● **Work required**
Print word for word the first line of the listing below and every line after it, through the line with "STANDALONE INTEGRATED MEDIA BLOCK". Leave out the pictures and the rest.

● **Input data**
┄┄┄┄┄┄

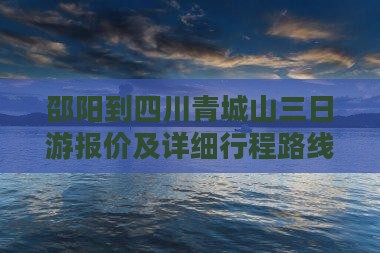 邵阳到四川青城山三日游报价及详细行程路线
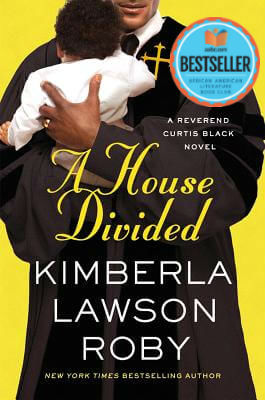 Book Cover Image of A House Divided (Reverend Curtis Black #10) by Kimberla Lawson Roby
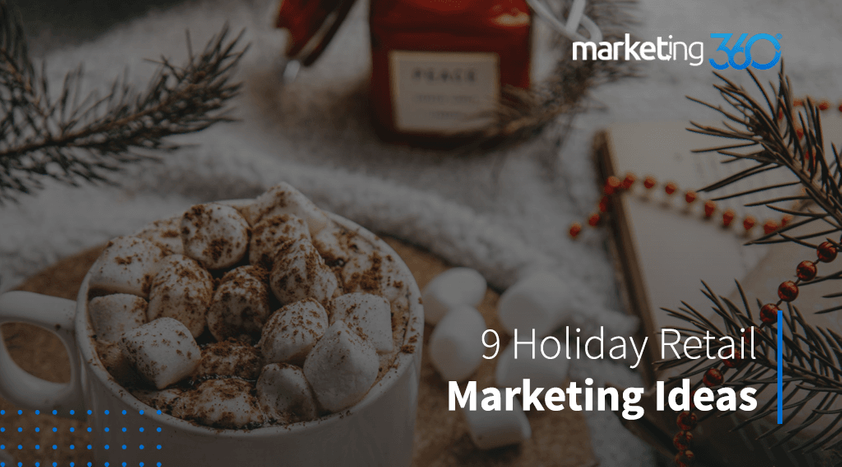 9-Holiday-Retail-Marketing-Ideas.png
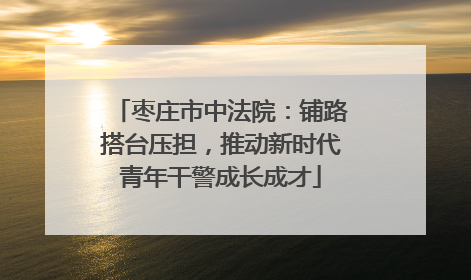 枣庄市中法院：铺路搭台压担，推动新时代青年干警成长成才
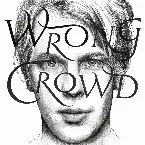 Pochette Wrong Crowd (East 1st Street Piano Tapes)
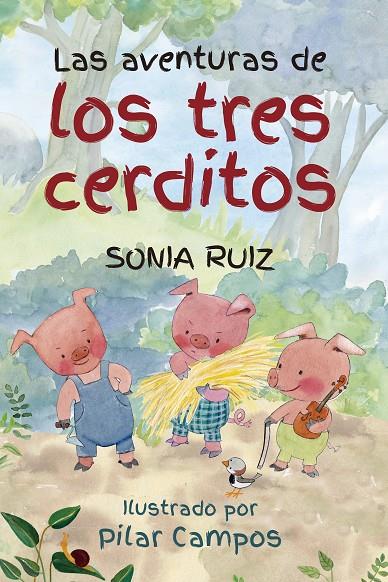 LAS AVENTURAS DE LOS TRES CERDITOS | 9788415943921 | SONIA RUIZ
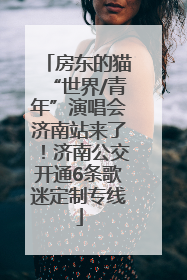 房东的猫“世界/青年”演唱会济南站来了！济南公交开通6条歌迷定制专线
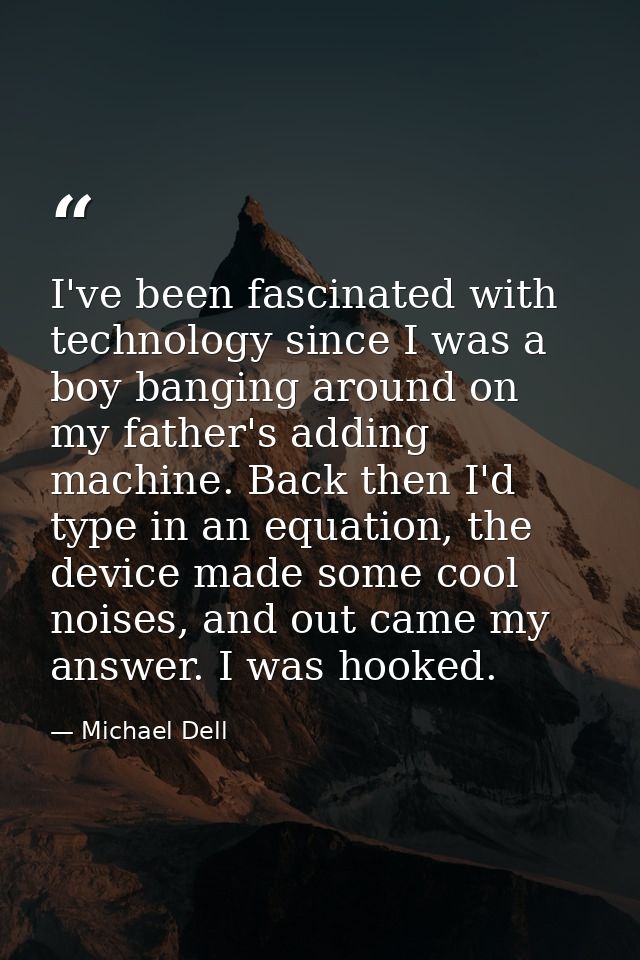 I've been fascinated with technology since I was a boy banging around on my father's adding machine. Back then I'd type  — Michael Dell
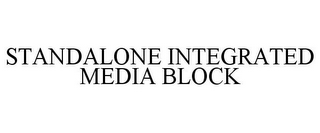 STANDALONE INTEGRATED MEDIA BLOCK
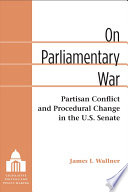 On parliamentary war : partisan conflict and procedural change in the US Senate /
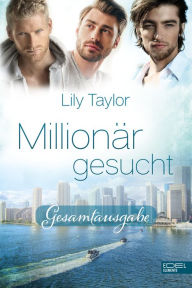 Title: Millionär gesucht Gesamtausgabe, Author: Lily Taylor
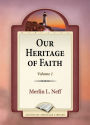 Our Heritage of Faith Volume 1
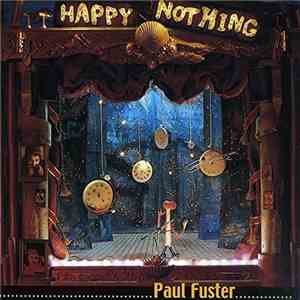 Paul Fuster - Happy Nothing flac download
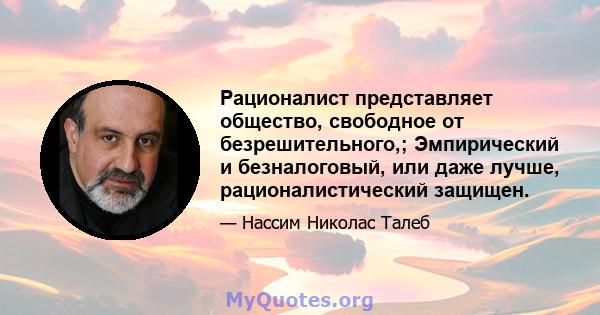 Рационалист представляет общество, свободное от безрешительного,; Эмпирический и безналоговый, или даже лучше, рационалистический защищен.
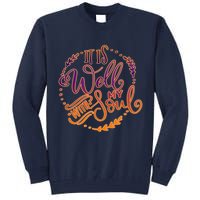 It Is Well With My Soul Tall Sweatshirt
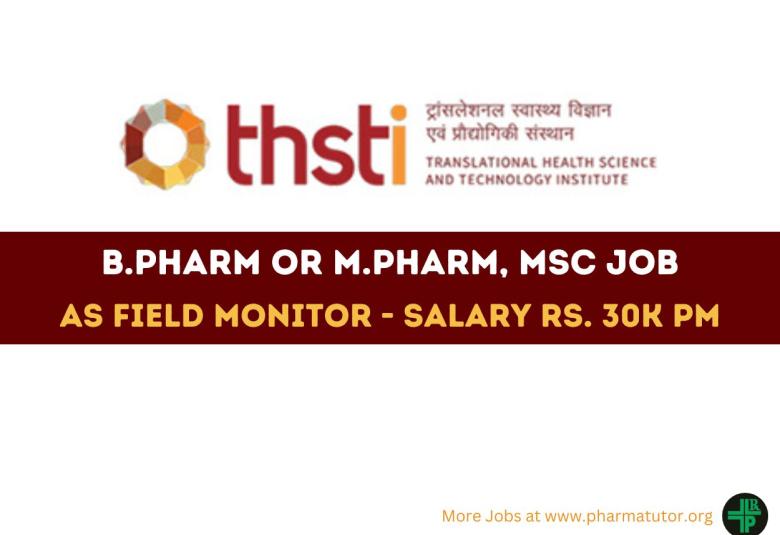 Opportunity for B.Pharm or M.Pharm, MSc as Field Monitor at THSTI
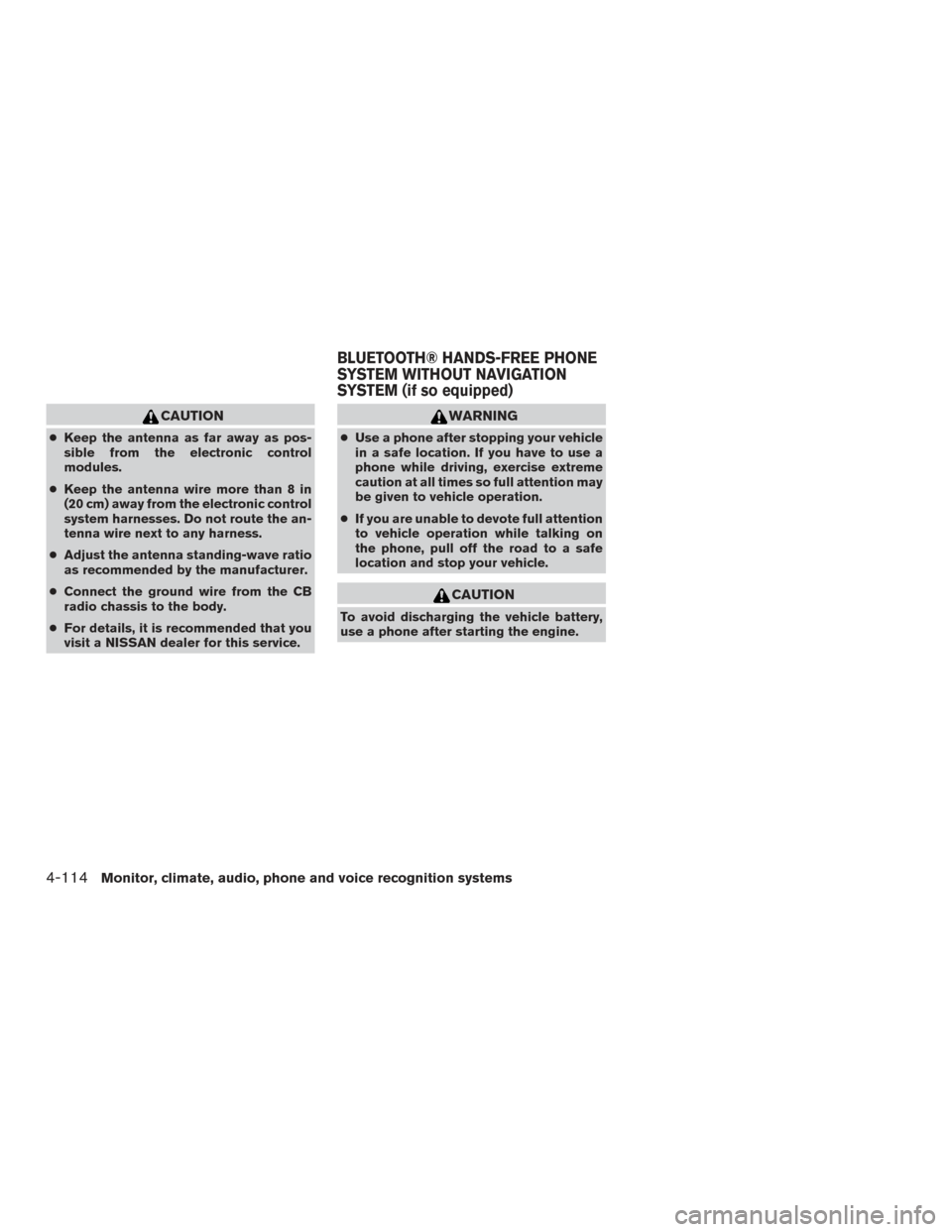 NISSAN TITAN 2016 2.G Owners Manual CAUTION
●Keep the antenna as far away as pos-
sible from the electronic control
modules.
● Keep the antenna wire more than 8 in
(20 cm) away from the electronic control
system harnesses. Do not ro NISSAN TITAN 2016 2.G Owners Manual CAUTION
●Keep the antenna as far away as pos-
sible from the electronic control
modules.
● Keep the antenna wire more than 8 in
(20 cm) away from the electronic control
system harnesses. Do not ro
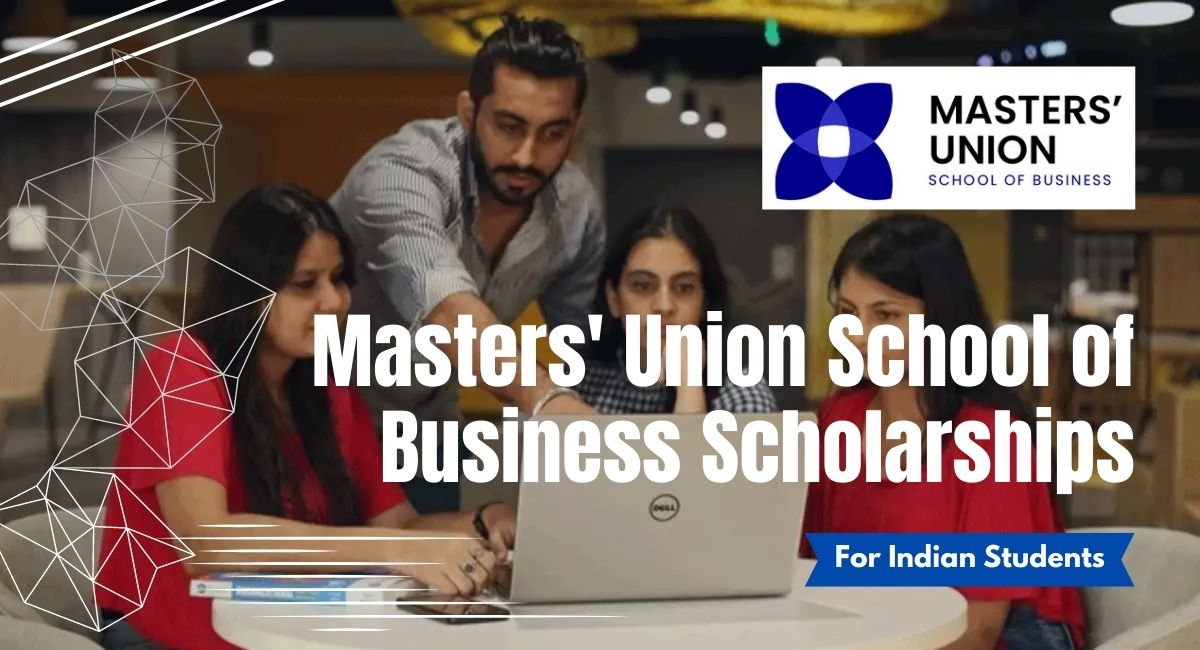 Masters Union School of Business Scholarships in India.
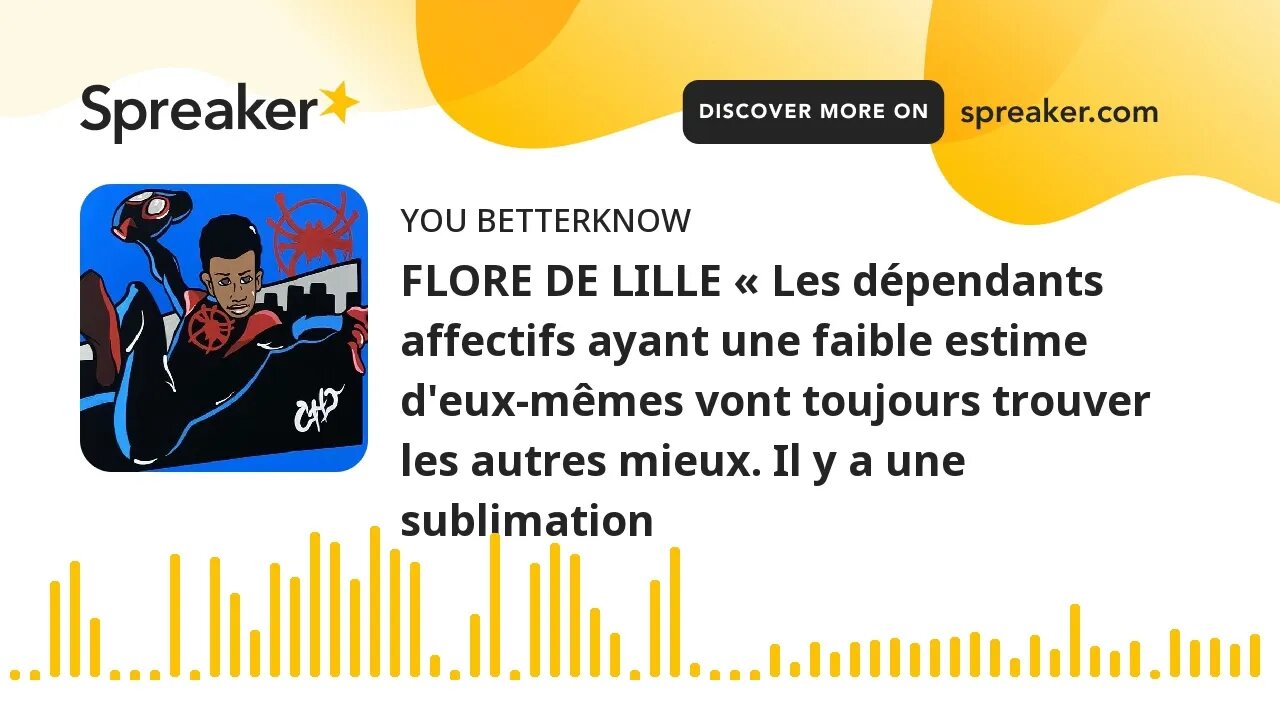 FLORE DE LILLE « Les dépendants affectifs ayant une faible estime d'eux-mêmes vont toujours trouver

┄┄┄┄┄┄

● **Solution**
 邵阳到四川青城山三日游报价及详细行程路线
 Book Cover Image of A House Divided (Reverend Curtis Black #10) by Kimberla Lawson Roby
 9-Holiday-Retail-Marketing-Ideas.png
 枣庄市中法院：铺路搭台压担，推动新时代青年干警成长成才
 Pochette Wrong Crowd (East 1st Street Piano Tapes)
 LAS AVENTURAS DE LOS TRES CERDITOS | 9788415943921 | SONIA RUIZ
 房东的猫“世界/青年”演唱会济南站来了！济南公交开通6条歌迷定制专线
 I've been fascinated with technology since I was a boy banging around on my father's adding machine. Back then I'd type  — Michael Dell
 STANDALONE INTEGRATED MEDIA BLOCK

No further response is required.